When it is time to clean the Dish, simply hand wash it in the sink with warm water and dish soap. I've tested the silicone feet extensively, and they won’t budge, even after using the stone in the freezer to serve cold dishes. Skip microwaving the stone or washing it in the dishwasher. But if you do want to warm it in the oven, keep the temperature below 125°, to prevent losing the feet.
- Non-absorbent polished surface from skillful diamond grinding. In addition, food-safe chemical sealer (approved by EU) penetrates microscopic pores to prevent stains and makes it easy to clean.
- Use as a dinner plate or serving board, a trivet for something hot, a plant, or for dangerous items like candles
- Safe (and recommended for!) chilling in fridge or freezer
- Stone is a conductive heat sink and will help to defrost frozen food, and the stone maintains consistent temperature inertia.
- Direct food contact will not discolor your dish, but strong acids may temporarily cause a chemical reaction with soft black stones for example. This does not impact its food-safe properties.
- Not designed for microwave, or dishwasher use. If warmed in oven, such as pre-heating your board, for a bed warming stone, please stay below 125° or risk losing your silicone feet
IMPERFECTIONS AND GUARANTEE
- Fieldstones have minor, non-structural fissures, pocks, scratches, chips, and other superficial flaws I call beauty marks. I’ve tested each of these marks to ensure the piece is not at risk of damage.
- Food-Safe Dishes, Boards, and Bowls include food-safe resin to fill most such voids, but Coasters and Trivets remain all natural
- Charcuterie board workmanship is guaranteed for life
A FARM-TO-TABLE STORY
About 8,000 years ago, icy glaciers pushed boulders into the soil of America’s Northeast. As a result, a fresh crop of rocks ‘grow’ each spring when the winter’s freeze-thaw cycles force buried stones upward, a process called granular convection.

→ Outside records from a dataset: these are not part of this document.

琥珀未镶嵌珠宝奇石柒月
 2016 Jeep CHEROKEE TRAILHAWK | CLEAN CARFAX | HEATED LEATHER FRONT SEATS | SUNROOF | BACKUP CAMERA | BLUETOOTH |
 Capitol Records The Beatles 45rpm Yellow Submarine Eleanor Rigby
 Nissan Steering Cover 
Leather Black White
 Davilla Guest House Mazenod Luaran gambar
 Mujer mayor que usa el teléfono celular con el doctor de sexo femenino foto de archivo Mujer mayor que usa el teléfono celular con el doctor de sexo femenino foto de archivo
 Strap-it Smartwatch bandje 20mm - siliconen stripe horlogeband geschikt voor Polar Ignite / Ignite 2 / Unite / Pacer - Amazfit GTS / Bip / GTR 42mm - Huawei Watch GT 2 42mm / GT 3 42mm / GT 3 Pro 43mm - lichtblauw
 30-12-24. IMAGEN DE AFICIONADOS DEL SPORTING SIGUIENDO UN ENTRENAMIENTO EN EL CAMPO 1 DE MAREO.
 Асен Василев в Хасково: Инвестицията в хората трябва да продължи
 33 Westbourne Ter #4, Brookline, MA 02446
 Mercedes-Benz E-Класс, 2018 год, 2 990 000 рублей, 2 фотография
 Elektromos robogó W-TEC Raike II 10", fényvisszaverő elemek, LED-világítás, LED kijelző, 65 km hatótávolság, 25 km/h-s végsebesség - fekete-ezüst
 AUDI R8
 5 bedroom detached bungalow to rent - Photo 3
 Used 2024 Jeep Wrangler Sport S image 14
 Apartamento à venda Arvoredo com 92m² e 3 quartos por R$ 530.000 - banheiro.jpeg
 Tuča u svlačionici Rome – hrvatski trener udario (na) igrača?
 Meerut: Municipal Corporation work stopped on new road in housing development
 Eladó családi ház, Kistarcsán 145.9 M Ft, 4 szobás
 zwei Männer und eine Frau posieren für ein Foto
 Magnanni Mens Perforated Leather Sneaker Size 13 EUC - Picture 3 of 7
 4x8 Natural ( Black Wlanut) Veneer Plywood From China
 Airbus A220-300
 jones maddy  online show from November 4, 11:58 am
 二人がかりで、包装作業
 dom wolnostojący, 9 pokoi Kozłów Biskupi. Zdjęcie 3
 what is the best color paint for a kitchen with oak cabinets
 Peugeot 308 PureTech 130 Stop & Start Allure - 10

In the 1890s, before the railroads opened up rock-free farmlands in other parts of the United States, farmers removing stones from their fields piled them into what eventually became 215,000 miles of stonewalls, a distance greater than from the earth to the moon!
These stonewalls became the folklore of poets like Robert Frost, and the landscape of the Northeast United States. Because clearing rocks is never complete, American Stonecraft ® partners with working farms to sustainably harvest their fresh rocks and transform them into functional heirlooms.
Not only does this endeavor share geology that has never been seen before, but it helps support working farms, preserving open space and protecting the stonewalls that are so iconic to this region.
Like many of us, the founder of American Stonecraft ®, Gerald Croteau, fell in love with these archaeological stone ruins. Having practiced for a time as an economist, he saw the opportunity to add value and up-cycle unwanted farm produce as a rock gleaner.
Gerald founded American Stonecraft ® in his late 20s after seeing the inside of a fieldstone for the first time after a lifetime of seeing them only from the outside. He was amazed at what he had overlooked for so long, and realized that there was a sustainable supply of these rocks that he could help farmers share at their farm stands.
Diamond tools enable him to reveal amazing colors, patterns, and geologies in the humble New England farm-gathered fieldstone that he wanted to help share with others. He applied the mantra, if not him, then who?
Gerald rolled up his sleeves, bootstrapped his life as an independent craftsman, touring at local arts and crafts shows, and taught himself how to make the fascinating products that still enchant him today. Each piece is signed by its maker, and produced under Gerald’s direct supervision if not by Gerald himself.